■ **Required action**:
The lines below, from the one containing "Miami Dolphins quarterback" through the one containing "Woman holding a", should be set down exactly, with no pictures and nothing else.

■ **Listed records**:
- - - - -
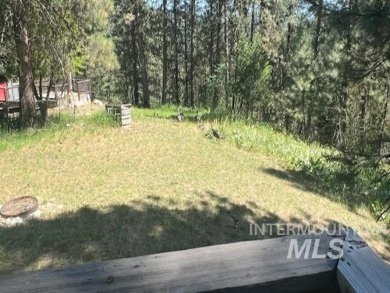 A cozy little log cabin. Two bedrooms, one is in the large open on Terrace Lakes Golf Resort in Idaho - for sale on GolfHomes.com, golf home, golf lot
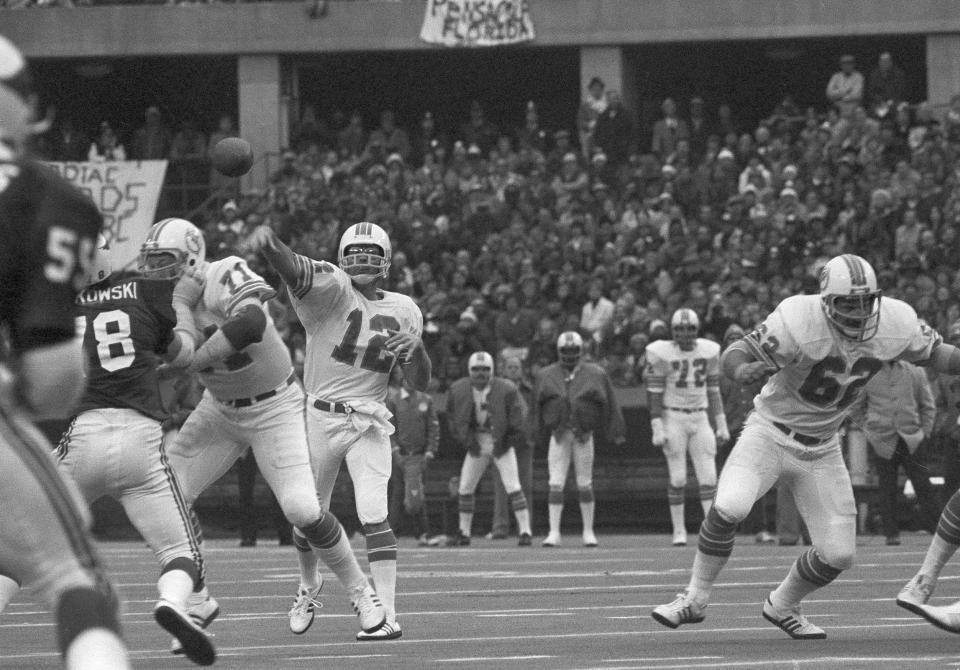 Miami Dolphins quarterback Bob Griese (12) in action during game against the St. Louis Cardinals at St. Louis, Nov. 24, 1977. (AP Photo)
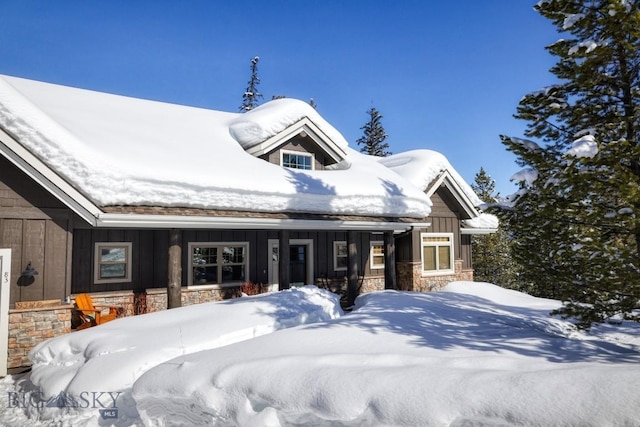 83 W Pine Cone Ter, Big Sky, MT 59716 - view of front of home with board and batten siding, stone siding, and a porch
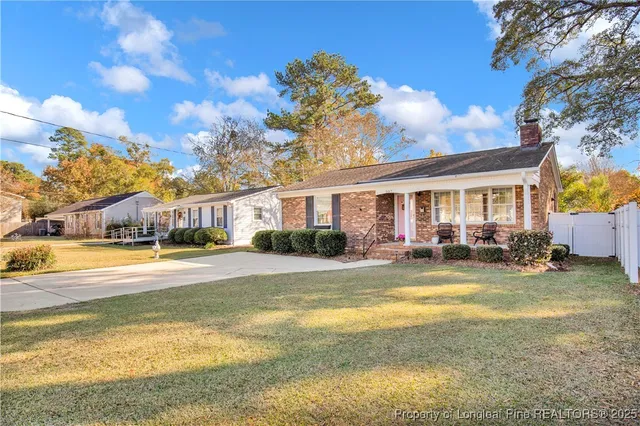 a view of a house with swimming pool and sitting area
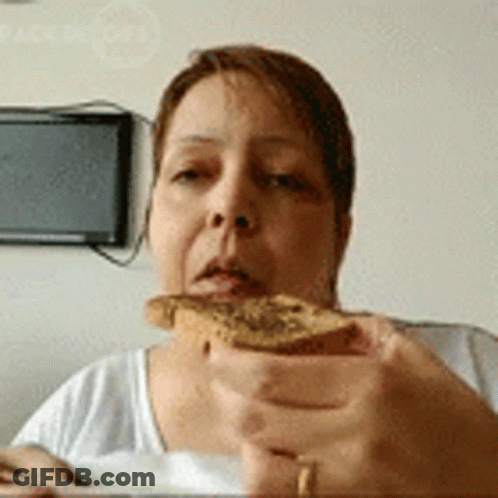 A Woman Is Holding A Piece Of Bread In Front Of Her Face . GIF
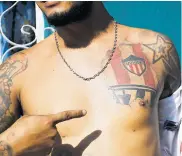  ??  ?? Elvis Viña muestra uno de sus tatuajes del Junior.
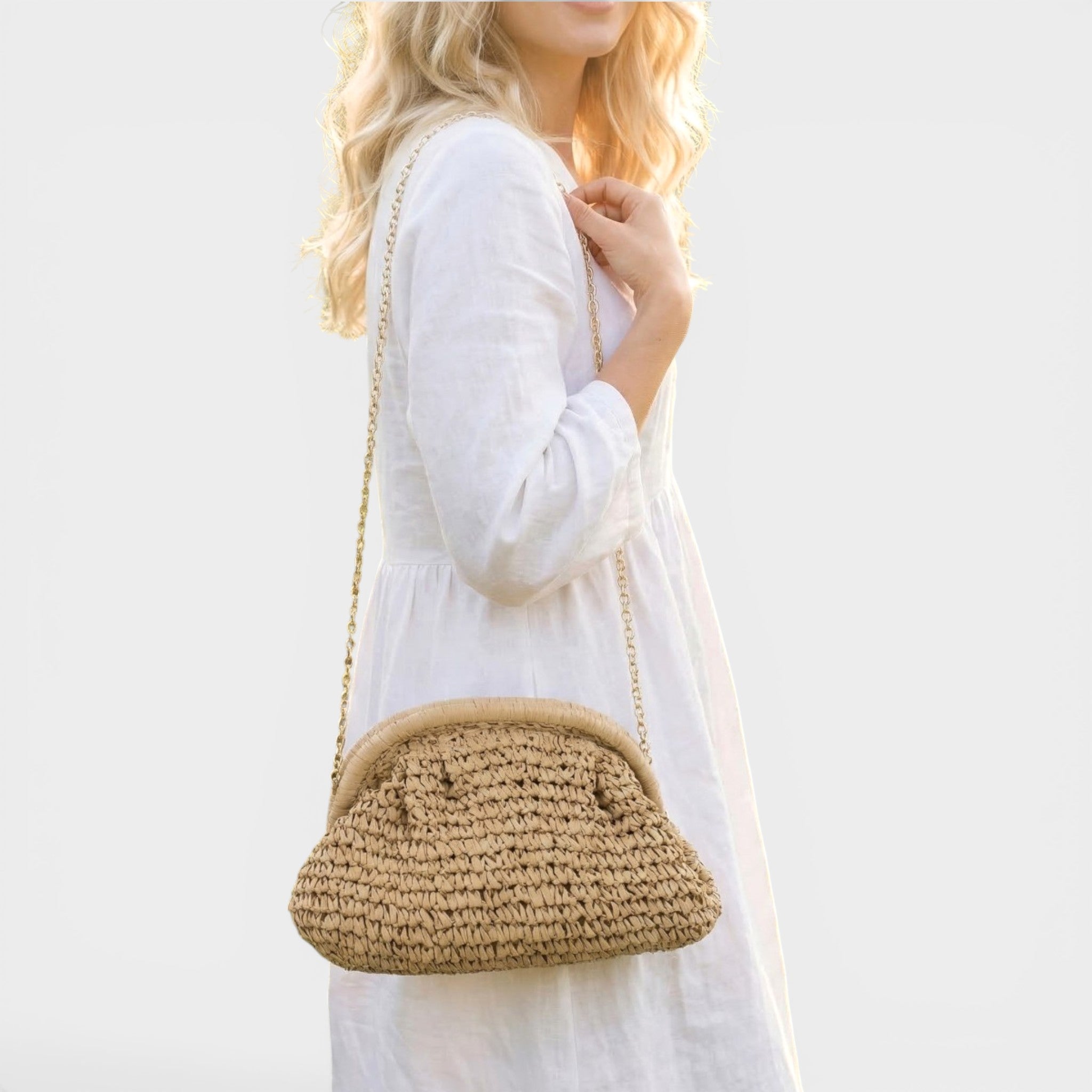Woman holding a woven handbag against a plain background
- - - - -
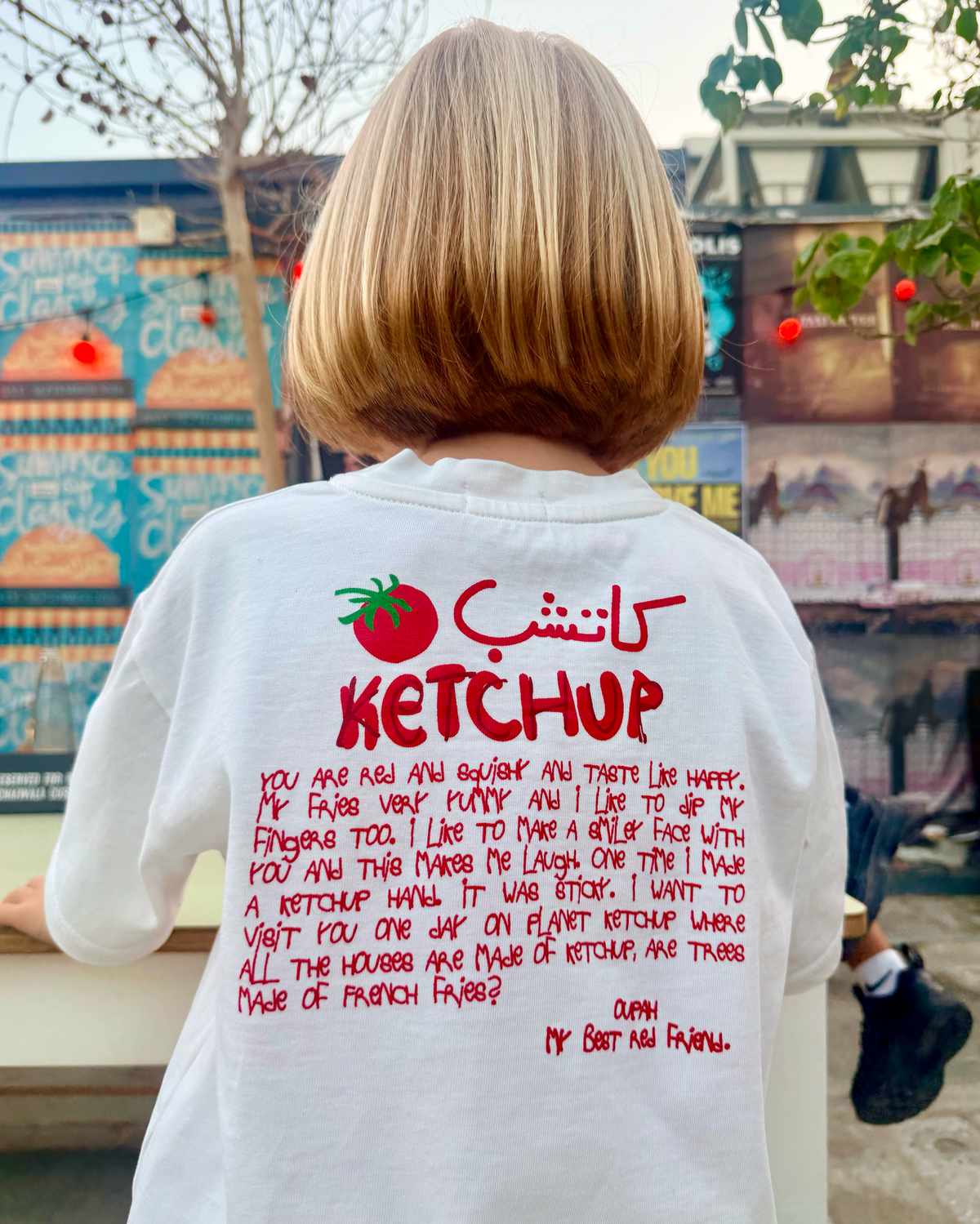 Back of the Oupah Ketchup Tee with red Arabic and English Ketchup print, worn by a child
- - - - -
■ **Result below**:
 Miami Dolphins quarterback Bob Griese (12) in action during game against the St. Louis Cardinals at St. Louis, Nov. 24, 1977. (AP Photo)
 83 W Pine Cone Ter, Big Sky, MT 59716 - view of front of home with board and batten siding, stone siding, and a porch
 a view of a house with swimming pool and sitting area
 A Woman Is Holding A Piece Of Bread In Front Of Her Face . GIF
  ??  ?? Elvis Viña muestra uno de sus tatuajes del Junior.
Woman holding a woven handbag against a plain background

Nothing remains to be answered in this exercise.